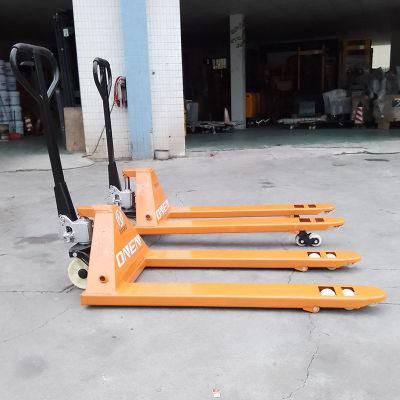 Pallet Jiangmen Telescopic Forklift Manual Truck Cby-AC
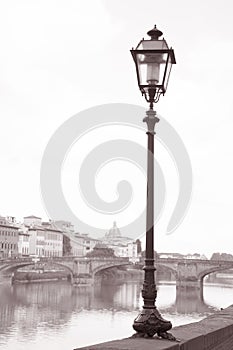 Ponte Santa Trinita Bridge and Lamppost, Florence
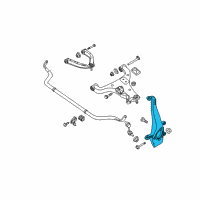 OEM 2014 Nissan Titan Spindle - KNUCKLE, LH Diagram - 40015-1LA0A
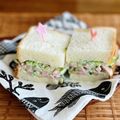 マルんちの丸顔's cooksnap of when they made 魚肉ソーセージときゅうりのサンドイッチ.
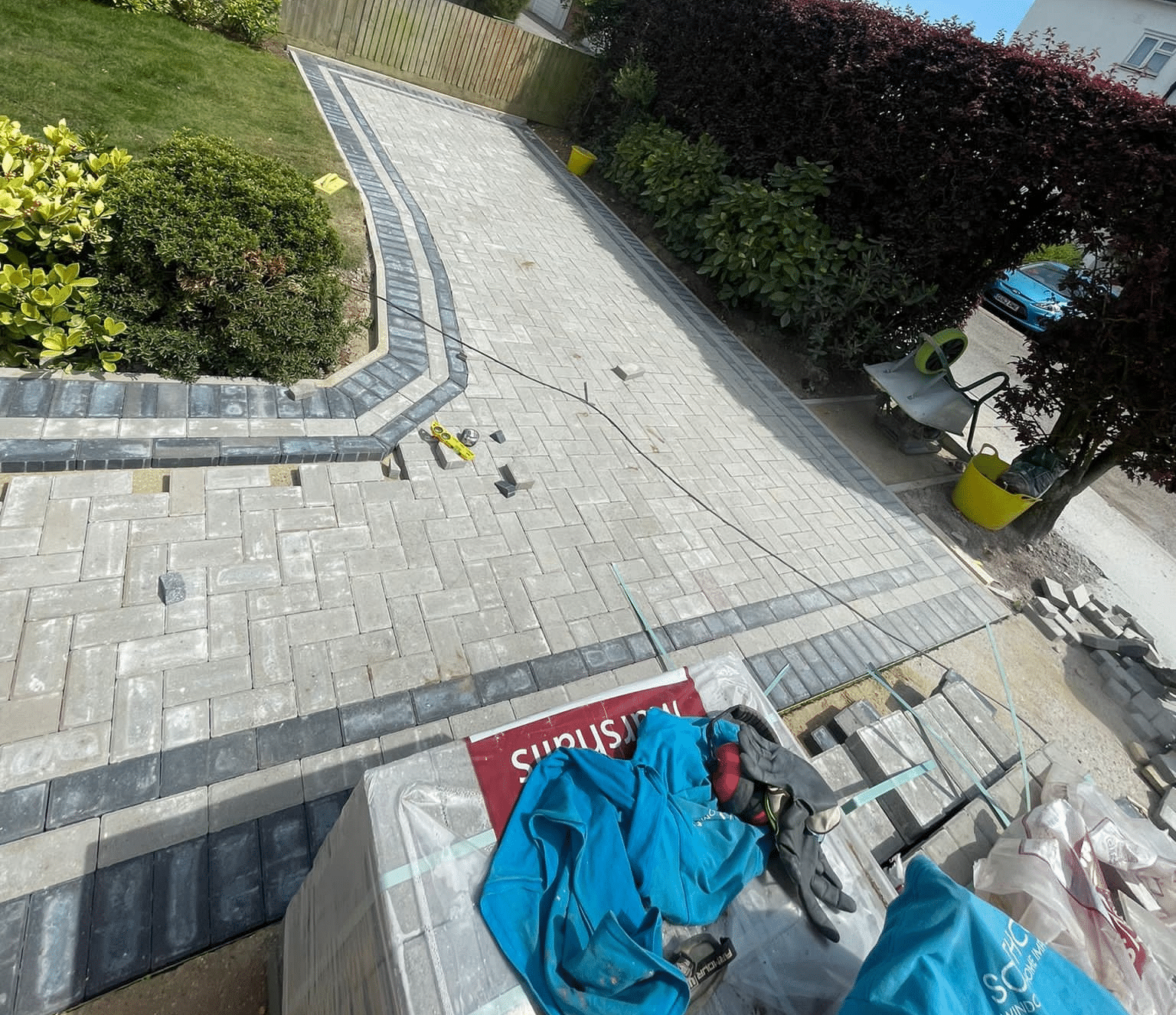 fron garden after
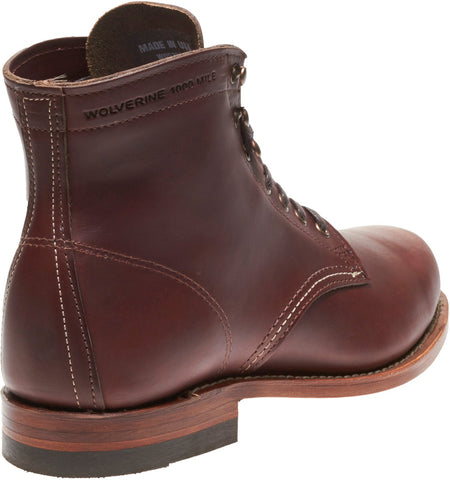 Wolverine 1000 Mile Boot W05299 Mens Burgundy Leather Casual Dress Boots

◇ ◇ ◇

WHAT IS BEING ASKED. Each line above must be repeated exactly in the answer, with pictures omitted.

SOLUTION FOR THIS EXERCISE.
 Pallet Jiangmen Telescopic Forklift Manual Truck Cby-AC
 Ponte Santa Trinita Bridge and Lamppost, Florence
 OEM 2014 Nissan Titan Spindle - KNUCKLE, LH Diagram - 40015-1LA0A
 マルんちの丸顔's cooksnap of when they made 魚肉ソーセージときゅうりのサンドイッチ.
 fron garden after
 Wolverine 1000 Mile Boot W05299 Mens Burgundy Leather Casual Dress Boots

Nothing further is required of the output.